UK university staff back strikes over pay and conditions

A University and College Union armband reading 'picket'
The UCU ballot on pay, which had a slightly more than 50% turnout by members, resulted in 70% backing strikes and 85% voting for action short of strike. Photograph: Peter Byrne/PA

Disruption at UK universities is set to widen this winter after staff backed strikes over pay and working conditions, joining colleagues who voted for strikes over pensions earlier this week.

A total of 58 institutions have now supported strike ballots, and they may be joined by others after the University and College Union (UCU) said it was looking at reballoting in branches that only narrowly failed to back industrial action – including Newcastle, where turnout was just a single ballot below the 50% required by law.

The ballot on pay announced on Friday, which had a slightly more than 50% turnout by UCU members, resulted in 70% backing strikes and 85% voting for action short of strike, which could include a marking boycott.

The UCU general secretary, Jo Grady, said: “We truly hope that disruption can be avoided – that is what staff and students alike all want. But this is entirely in the gift of employers who simply need to end their attacks on pensions, pay and working conditions and finally demonstrate they value their staff.”

While 37 institutions voted for strikes over pensions in the first ballot, more supported action over pay and conditions, including two of the UK’s largest campus universities: University College London and the University of Manchester. Staff at the Open University, the UK’s largest university, backed strikes over pay and pensions.
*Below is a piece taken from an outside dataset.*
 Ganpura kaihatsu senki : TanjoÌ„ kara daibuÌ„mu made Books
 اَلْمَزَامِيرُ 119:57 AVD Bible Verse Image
UCU is calling for a £2,500 increase for all staff, an end to pay discrimination, the elimination of zero-hours and other casual contracts, and moves to tackle unmanageable workloads.

Representing employers, the Universities and Colleges Employers Association (UCEA) claimed that the 50% turnout among members would be “disappointing” for the union.

“It is clear that the great majority of the 325,000 colleagues in UK HE institutions covered by the collective negotiations on the base pay uplift understand the financial realities for their institutions,” the UCEA said in a statement.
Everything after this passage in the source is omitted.